Gemeinsam zogen sie los, um das Spektakel exotischer Schauplätze auf Zelluloid zu bannen: eine amoklaufende Elefantenherde, menschenfressende Tiger und Stammesfehden. Und wo die Wirklichkeit den Ambitionen der Filmemacher hinterherhinkte, halfen sie nach.
Merian C. Cooper träumte von einem riesigen Gorilla, der auf der Spitze eines Wolkenkratzers gegen Flugzeuge kämpfte.
In die Staaten zurückgekehrt, träumte Cooper von einem riesigen Gorilla, der auf der Spitze eines Wolkenkratzers gegen Flugzeuge kämpfte. Die fixe Idee zu «King Kong» war geboren. Allerdings sah Cooper keine Möglichkeit, seine Geschichte in Bilder umzusetzen. Die Weltwirtschaftskrise der 1930er-Jahre verunmöglichte Originalaufnahmen im Dschungel, und wo sollte er seinen Hauptdarsteller auftreiben?
Der Zufall wollte es, dass Cooper in seiner Funktion als Produzent bei RKO Pictures auf den grössten Filmtricktechniker seiner Generation stiess: Willis O’Brien. Der Cartoonist hatte sich das Handwerk selbst beigebracht und den Abenteuerroman «The Lost World» von Arthur Conan Doyle im Stop-Motion-Verfahren gedreht: Jeder Urzeit-Saurier wurde Aufnahme für Aufnahme von Hand bewegt – eine furchteinflössend langwierige Arbeit, aber mit nachhaltiger Wirkung.
Noch grösser, noch lauter
In einer unfreundlichen Übernahme kaperte Cooper O’Briens laufendes Projekt, für das der Bastler bereits unzählige Dinosauriermodelle geschaffen hatte. Sogar ein provisorisches Drehbuch entlieh Cooper bei O’Brien und liess es zunächst von Edgar Wallace (genau, der!) und – nach einer Reihe weiterer Autoren – von Schoedsacks Ehefrau Rose umschreiben.

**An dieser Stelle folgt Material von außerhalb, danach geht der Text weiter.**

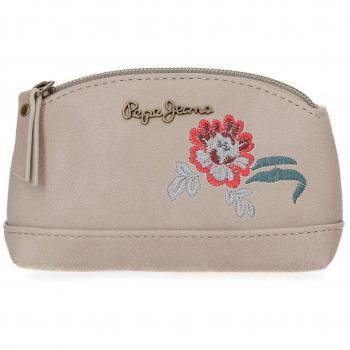 Pepe Jeans Lala Monedero Neceser Beige 14x8x5 cms Piel Sintética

Den grossspurigen Imperialisten Carl Denham lehnte Rose an Cooper an, Kongs romantischem Rivalen Jack Driscoll hingegen verlieh sie Züge ihres eigenen Gatten.
«King Kong» war eine Sensation, rettete das Filmstudio vor dem Bankrott und läutete das Zeitalter des Spezialeffektkinos ein, das bis heute andauert: «Fantastic Beasts and Where to Find Them» etwa wandelt in den Spuren desselben Überwältigungskinos, das «King Kong» begründete. Und nach zwei Remakes des Originals ist für das nächste Jahr mit «Skull Island» ein Reboot angesagt: noch grösser, noch lauter.
Im dampfenden Dschungel des Unbewussten, wo sich unsere Ängste und Begierden gegenseitig tief in die Augen blicken, bleibt Kong König.